Feeling Cold, Heaviness In Eye, Numbness, Pain And Tingling Sensation In Head. Required Treatment?

I'm 32 year old healthy male. I have the following symptoms for past 2 months now.
They are not unbearable, but every other day the severity either increases or decreases a little, but does not go away completely. I had the same symptom exactly 1 year ago, back then a neurologist suggested it could be because of the common cold I had back then. Back then it went away in a month and reappeared now (I don’t have any common-cold now).
Following are my symptoms.
- Top Right side head feels numb and is sensitive (pains) if I put pressure.

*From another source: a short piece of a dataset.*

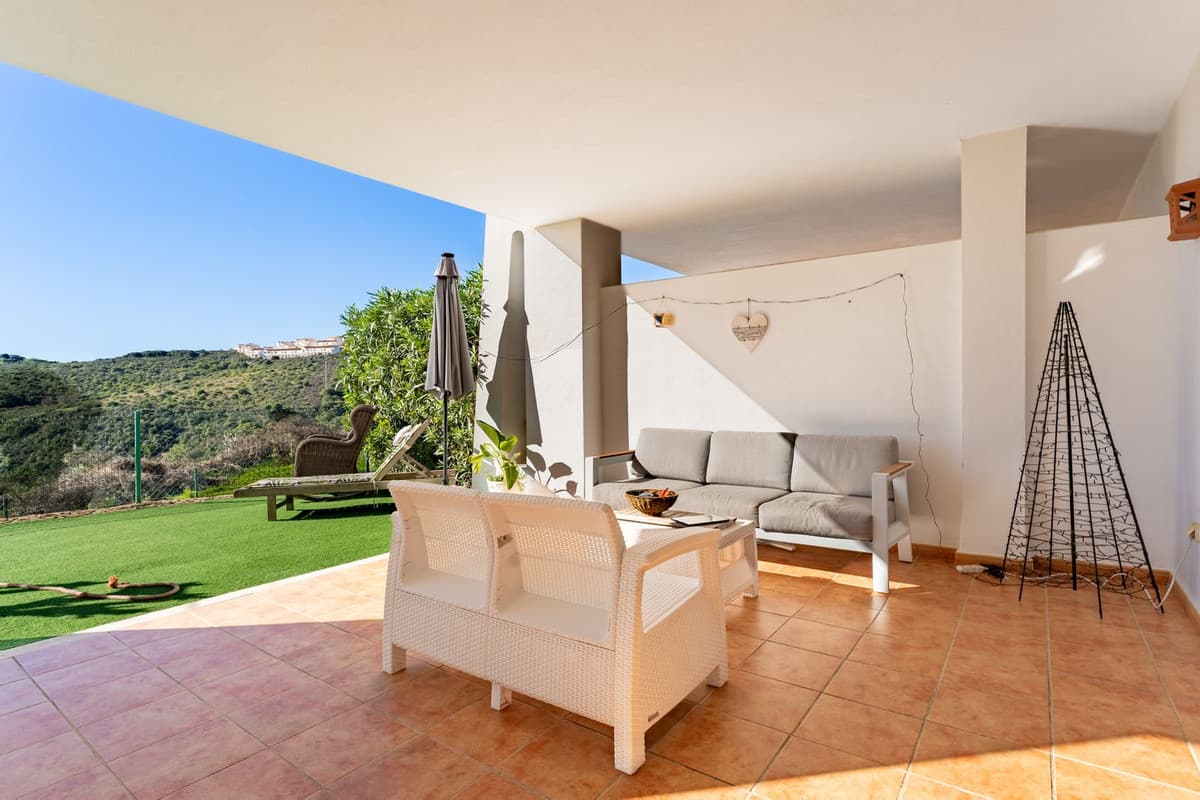 Ground Floor Apartment in Casares — photo 7 of 10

- There is always a slight pain on “Back of right side head“, but it is not sensitive to physical pressure.
- Sometimes it felt like floor would move/tilt (this was there few days last year) and not now.

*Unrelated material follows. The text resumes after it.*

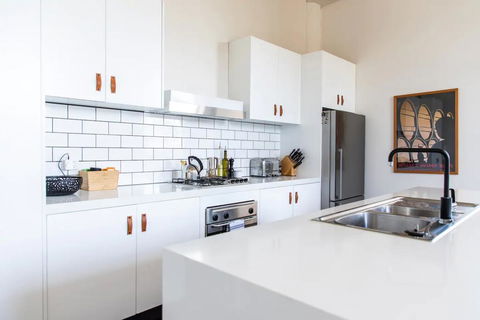Stylish Warehouse Conversion In The Heart Of Fitzroy - Grafton Accommodation 3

- Right Eye lids and eye in general feels heavy. I continuously wear corrective spectacles (-1, -1.5) and the number has not changed for last 4years.
- Right inner Ear feels heavy and pains sometimes.
- Tingling / moving sensation sometimes (like a worm move) sometimes on top right head.
- Sometimes right top head feels cold from inside.
- Rarely (sometimes once in a day) a sharp pain travels (like a lightning) from top of head to right backside of neck.
- No vomiting sensation or speech issues.
- Right now I’m on no medication.
Thank you for your help in diagnosing what I should do next.
I read your problem with diligence. The symptoms you describe are not consistent with a single organic pathology. Without an opportunity to examine and evaluate you, it is difficult to suggest a diagnosis which could be responsible for all your symptoms. You will need a step wise evaluation done by a competent neurologist before we reach a conclusion.
The most important thing I noted is sharp lightening like pain. Your diagnosis ranges from nonspecific to atypical neuralgia. Since you are young for neuralgia, you should consider by doing MRI brain especially focussing on posterior fossa of brain to see any abnormal vascular loop or very benign lesion like epidermoid. Even if MRI shows nothing it can be atypical neuralgia and can be managed medically. However MRI will rule out surgical/curable causes.
Therefore please plan a review back with your neurologist and consider evaluating beginning with MRI scan and few blood tests.
Hope this answers your query. Let me know if you need further clarifications.
Regards


I plan on getting a complete-health checkup before I visit my neurologist for this. Should I include any test (blood related or otherwise) in particular so that it might help the visit ? I'll go for brain-MRI after that.
Regards.
Thanks for the follow up.
Sometime blood test required is serum creatinine prior to MRI, that is if contrast MRI is planned based on findings of plain MRI or clinical suspicion.
Hope I have answered your query. Let me know if I can assist you further.